Open bluss opened 8 months ago

bluss commented 8 months ago

Steps to Reproduce

mkdir relativebug
cd relativebug
rye init a
rye init main
cd main
rye add a --path ../a
# Added a @ file:///home/user/ryes/relativebug/main/../a as regular dependency

cd ..
rye init main2 --virtual
cd main2
rye add a --path ../a
# error: Failed to run uv compile error: Distribution not found at: file:///a

Expected Result

In rye 0.29, it adds the dependency "a @ file:///${PROJECT_ROOT}/../a", to the virtual project (here "main2"). Note that a virtual project like main2 or a build_system=pdm project behave the same way, they both use the PROJECT_ROOT relative paths.

Actual Result

Error message

# error: Failed to run uv compile error: Distribution not found at: file:///a

Version Info

rye 0.30.0 commit: 0.30.0 (c7cbdd955 2024-03-19) platform: linux (x86_64) self-python: cpython@3.12.2 symlink support: true uv enabled: true

Stacktrace

No response

bluss commented 8 months ago

it's possible that #897 caused this bug

j178 commented 8 months ago

I'm struggling to construct a url:Url which seralizes to file:///${PROJECT_ROOT}/../a.

The only workaround I've found is to force using absolute path on Windows, as shown in the original commit of #897.

bluss commented 8 months ago

I see. Maybe we should avoid using the Url type if it can't represent this on Windows, maybe we can do so only for relative paths? I could look into that kind of change.

bluss commented 8 months ago

Uv supports relative paths directly, https://github.com/astral-sh/uv/pull/1027 but that's a divergence from pip and requirements syntax I think

bluss commented 8 months ago

Reverting just #897 doesn't help, there's also a change related to uv that contributes to this.

The ${} syntax ends up url escaped like file:///$%7BPROJECT_ROOT%7D/../a - multiple places in rye use format_requirement to undo this escaping, and if that's done when rye uses uv to resolve this URL too, that will work like it did previously.

Using relative paths instead of these strange URLs is viable at least if using only uv in the future, otherwise these URLs seem like the most "portable" way to handle relative paths right now. One reason is that pip install from requirements files accepts lines like "foo @ file:///some/url" but not "foo @ /some/path"

It would be good to update the pep508_rs crate and use VerbatimUrl in the new version (assuming it can do this better?), but it's not a trivial upgrade.

redat00 commented 7 months ago

Hey ! Just following up on this, I'm trying to add a module with a relative path, but I end up either with a broken path, or with an absolute path (which obviously can't be put inside of a git repository for anyone to work on).
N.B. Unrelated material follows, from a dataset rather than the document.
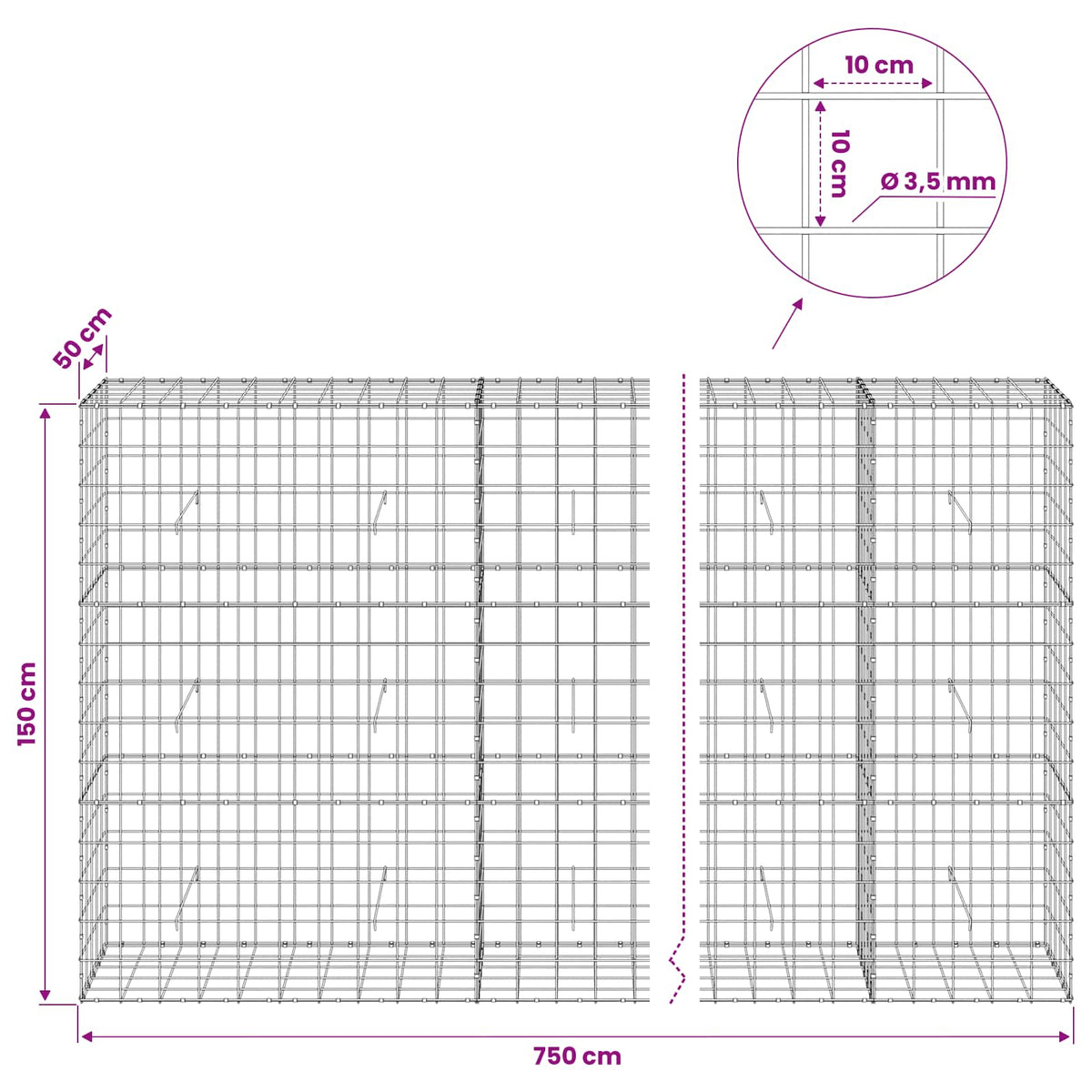Gabion with 3.5 mm Wire and 10x10 cm Mesh 750x50x150 cm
Here the details of what I want to do.


Command :

rye add tester-common-lib --path "../mysuperlib"           

Output :

error: Failed to run uv compile error: Distribution not found at: file:///mysuperlib
. uv exited with status: exit status: 2

The following command will work, but, as the parameter suggest, it will create an absolute path in the pyproject.toml file, which I can't push into a repository for others to work on..

Command :

rye add tester-common-lib --path "../mysuperlib" --absolute          

Pyproject content :

"mysuperlib @ file:///home/redat00/Documents/perso/it/app/app-api/../mysuperlib",

Would love for the solution that @bluss wrote in #928 to at least be reviewed if possible. In my case this feature is important for me, and I would love to use Rye on my project ! :pray:

Thanks!

bluss commented 7 months ago

@redat00 The workaround I think you can use right now is to update the pyproject.toml directly, the problem here is with rye add and not other parts of needed steps (like rye sync) - at least I don't know of any problems there. Consider if you want to use a (non virtual) pdm build backend for the root instead, since then it should be more well defined how standard Python tools will treat your pyproject.toml-defined project.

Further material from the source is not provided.